Le texte fait rêver : l’on se retrouve, frigorifié et trempé, caché sous des filets de camouflage, à guetter interminablement une fascinante vie sauvage, collectionnant des clichés photographiques pris avec un téléobjectif de la taille d’un bazooka, s’émerveillant qu’une telle présence à proximité directe d’habitations puisse demeurer si discrète. Autour de la ferme d’ailleurs, évoluent bien d’autres espèces que les cerfs, et le récit nous livre également de bien jolies pages sur la multitude de papillons et d’oiseaux observables à l’époque.
Malheureusement, selon l’auteur, ce rêve appartient désormais au passé, et les pages imprégnées de beauté sauvage sont teintées d’une amertume mêlée de colère, de devoir en faire le deuil en même temps que l’apologie, et d’y voir une illustration supplémentaire de la ruine écologique de notre planète. S’il est facile de partager cette rancoeur et ces regrets, l’on est en même temps amené à s’étonner, la croyance générale affirmant une tendance à la prolifération excessive des cervidés dans nos forêts, faute de prédateurs.
Mes recherches ne m’ont pas permis de me faire une idée entièrement claire sur la question : les rapports officiels sont rassurants, affirmant l’augmentation régulière des populations de cerfs en France depuis l’instauration de plans de chasse dans les années 1960. En même temps, des initiatives locales ne cessent de s’insurger contre les trop gros prélèvements qui viennent grever des effectifs, par endroits de plus en plus faibles…
Il est dommage que ce livre, par ailleurs bien écrit, n’étaye pas davantage ses affirmations, en enquêtant au-delà d’une perception toute personnelle que l’auteur pose en contradiction frontale de celle de son entourage. Le texte est beau, ses émotions en ligne avec celles qui nous assaillent face au constat de l’état général de la planète, mais, pour le coup, l’auteur ne s’est-elle pas un peu emballée, sans vraiment prendre la peine de comprendre l’impact réel de la régulation et de la chasse, ni de répondre aux interrogations de ses lecteurs ?
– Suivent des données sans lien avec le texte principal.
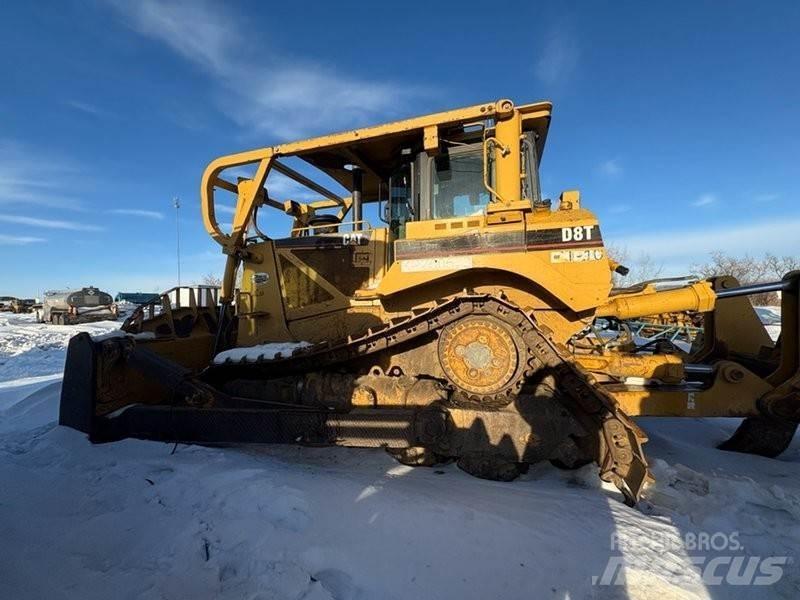 CAT D8T Гусеничные бульдозеры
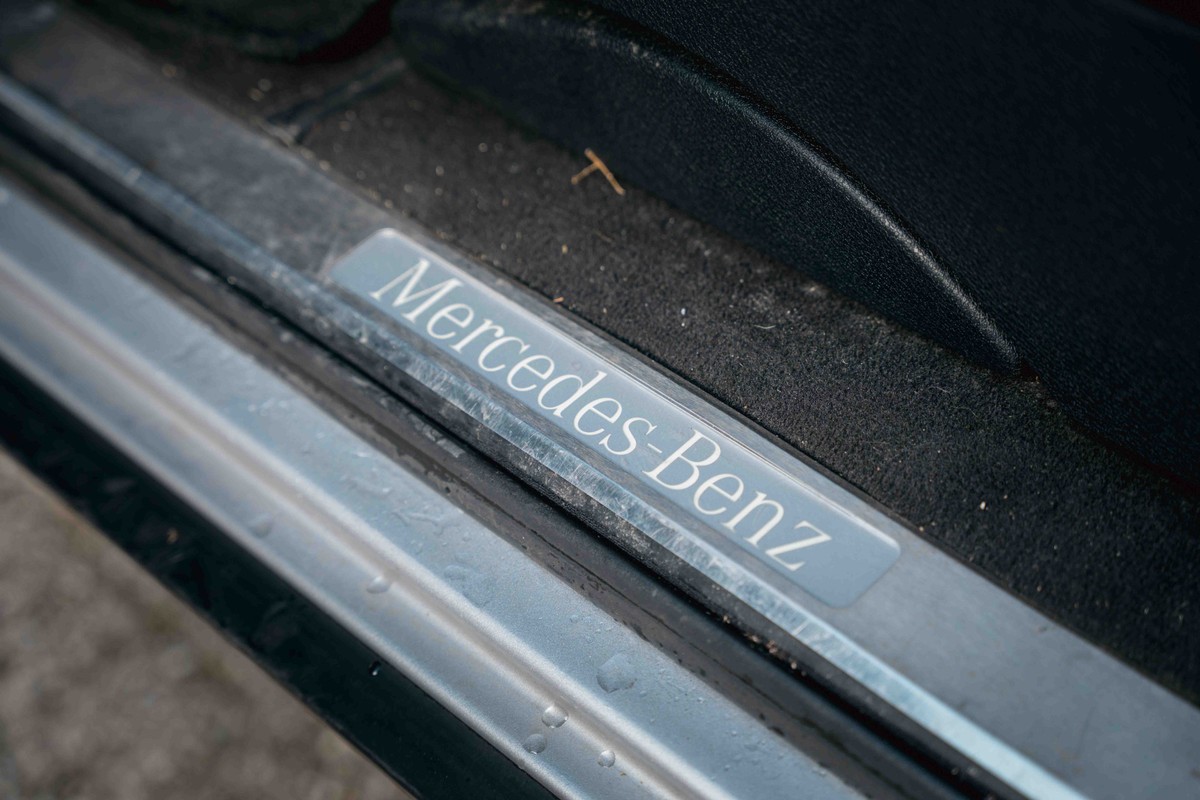 Mercedes-Benz G-Klasse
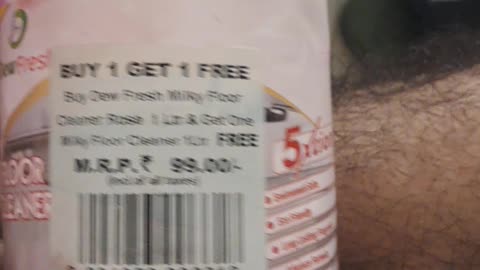 promoting a floor cleaner...#floorcleaner
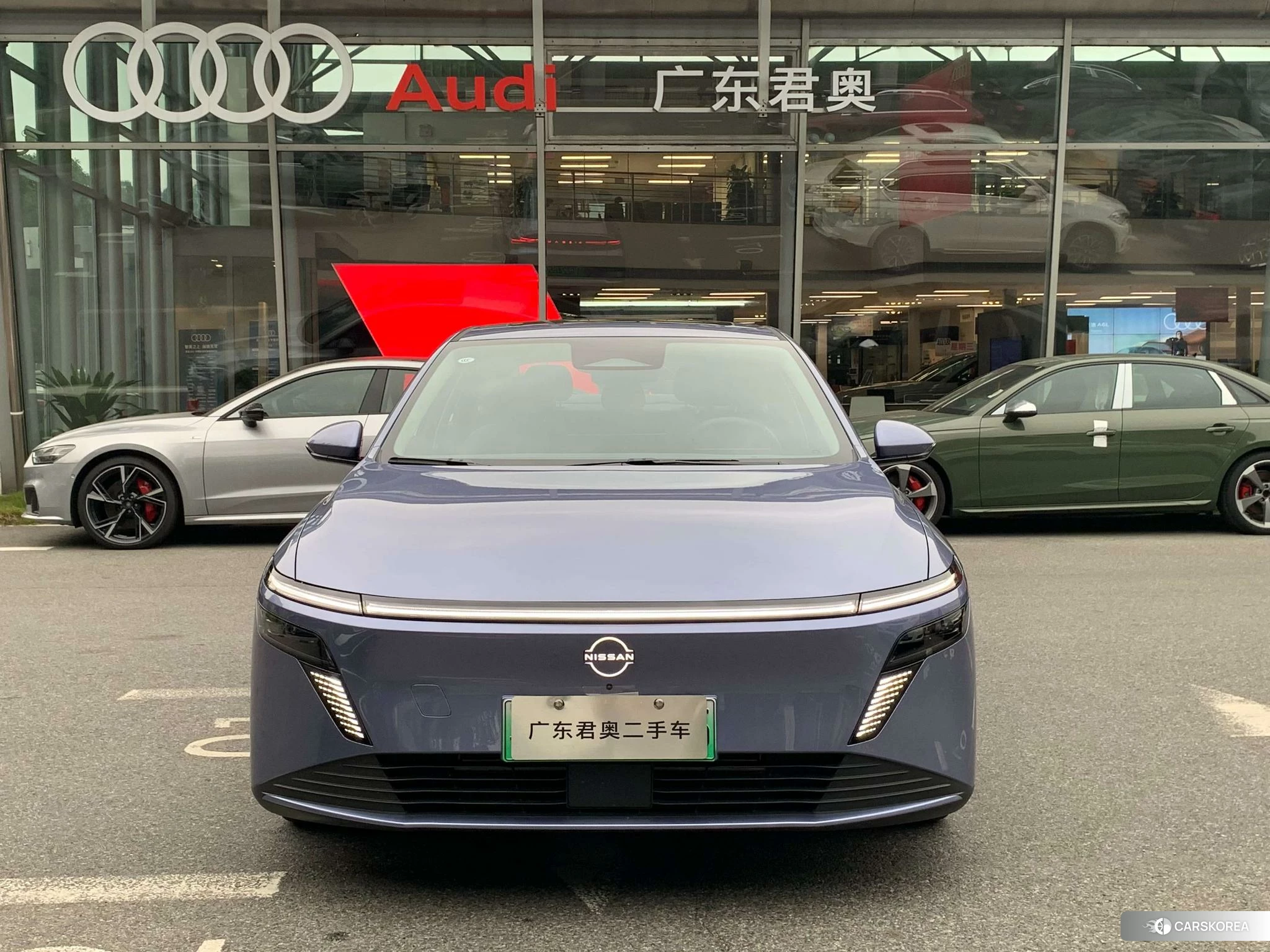 Nissan N6 id 4452692 из Китая 23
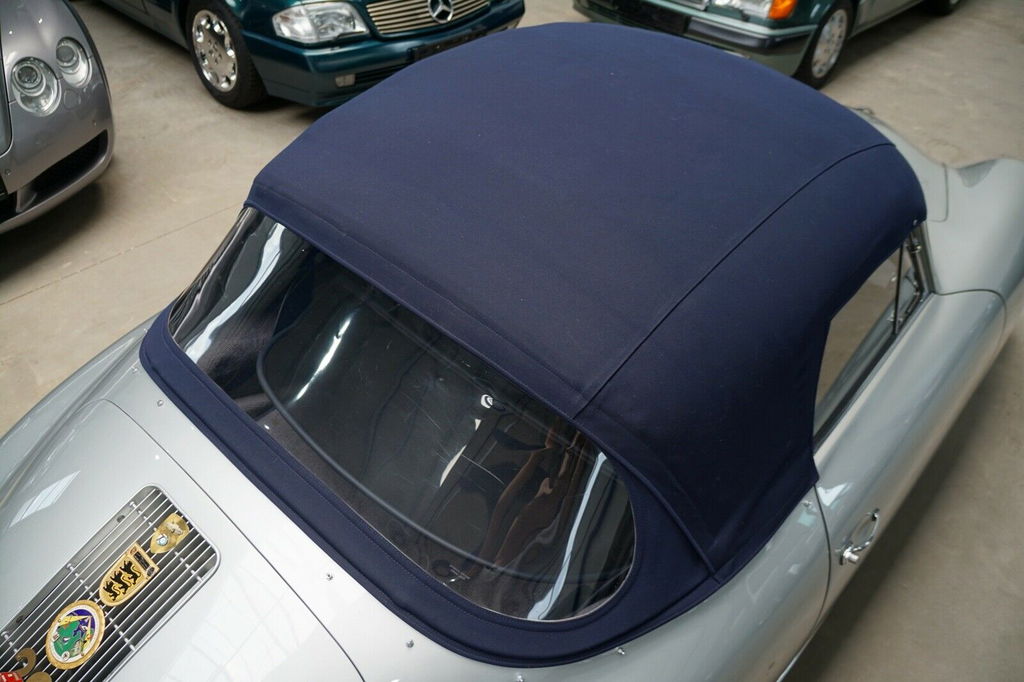 Porsche 356 A 1600 Super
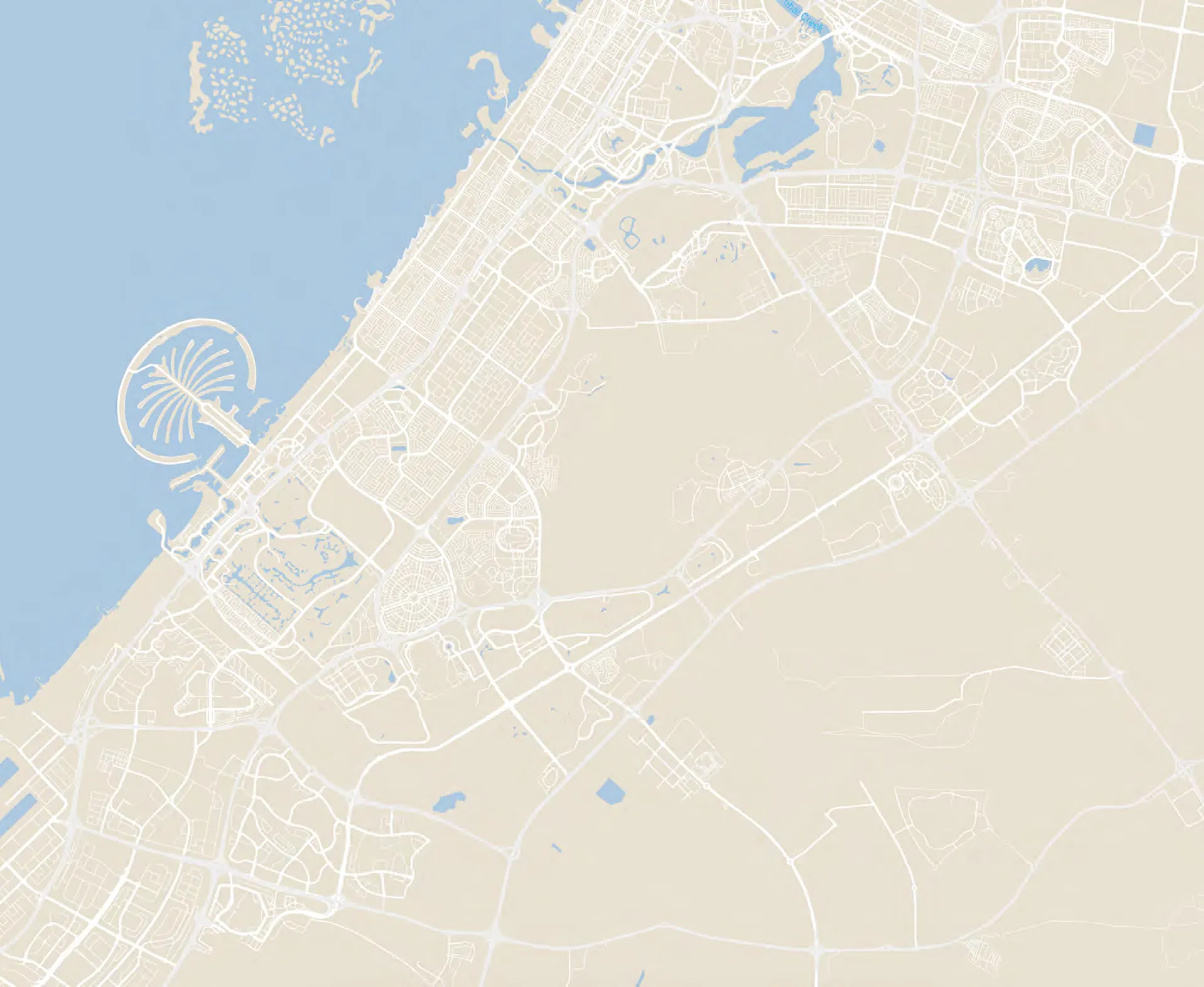 Athlon Aldar location map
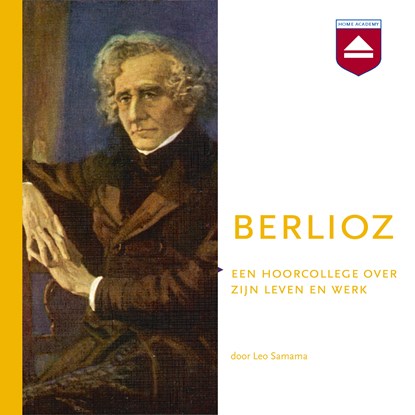 Berlioz, Leo Samama - Luisterboek MP3 - 9789085302124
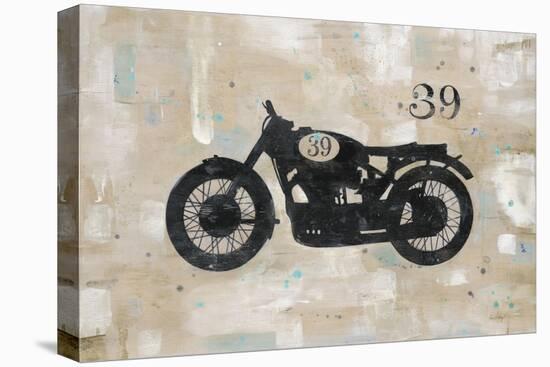 Vintage 39-Arnie Fisk-Stretched Canvas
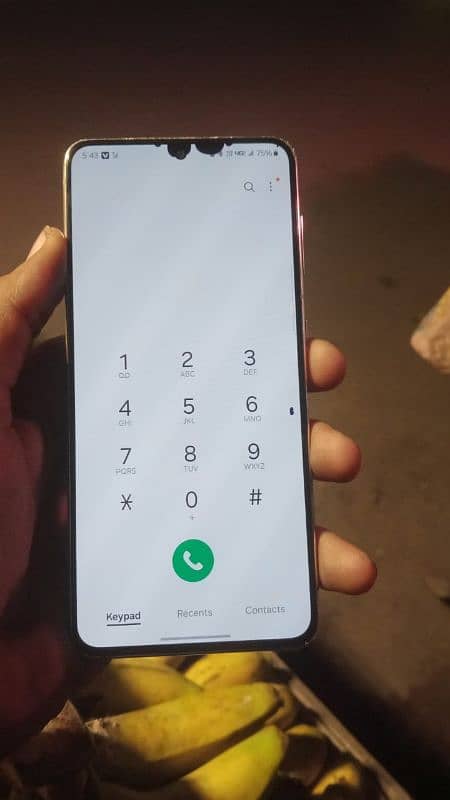 samsung s215g condition 10 by 9 all ok koi shade ni dot hai bas 1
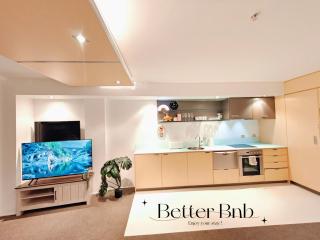 Modern City Stay Walk to Waterfront & Cuba St - 8
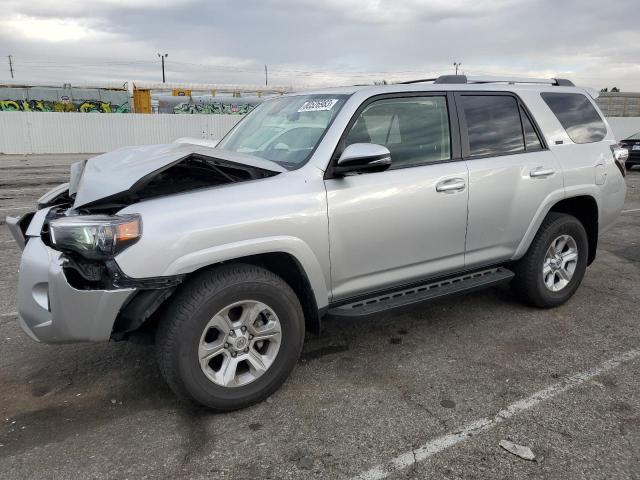 Toyota 4runner (2022)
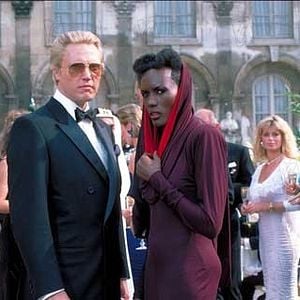 Fotoğraf Grace Jones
Je ressors très mitigée de cette lecture, dubitative face au bref et subit engouement de la narratrice pour un sujet joliment et sincèrement abordé, mais insuffisamment argumenté : il ne suffit pas de s’emparer d’un thème à la mode et de surfer sur l’émotion du moment pour convaincre. Restent de bien jolies images et un questionnement légitime quant à la peau de chagrin qu’est devenu l’espace concédé par l’homme à la vie sauvage en général. (3/5)
Le texte fait rêver : l’on se retrouve, frigorifié et trempé, caché sous des filets de camouflage, à guetter interminablement une fascinante vie sauvage, collectionnant des clichés photographiques pris avec un téléobjectif de la taille d’un bazooka, s’émerveillant qu’une telle présence à proximité directe d’habitations puisse demeurer si discrète. Autour de la ferme d’ailleurs, évoluent bien d’autres espèces que les cerfs, et le récit nous livre également de bien jolies pages sur la multitude de papillons et d’oiseaux observables à l’époque.
Malheureusement, selon l’auteur, ce rêve appartient désormais au passé, et les pages imprégnées de beauté sauvage sont teintées d’une amertume mêlée de colère, de devoir en faire le deuil en même temps que l’apologie, et d’y voir une illustration supplémentaire de la ruine écologique de notre planète. S’il est facile de partager cette rancoeur et ces regrets, l’on est en même temps amené à s’étonner, la croyance générale affirmant une tendance à la prolifération excessive des cervidés dans nos forêts, faute de prédateurs.
Mes recherches ne m’ont pas permis de me faire une idée entièrement claire sur la question : les rapports officiels sont rassurants, affirmant l’augmentation régulière des populations de cerfs en France depuis l’instauration de plans de chasse dans les années 1960. En même temps, des initiatives locales ne cessent de s’insurger contre les trop gros prélèvements qui viennent grever des effectifs, par endroits de plus en plus faibles…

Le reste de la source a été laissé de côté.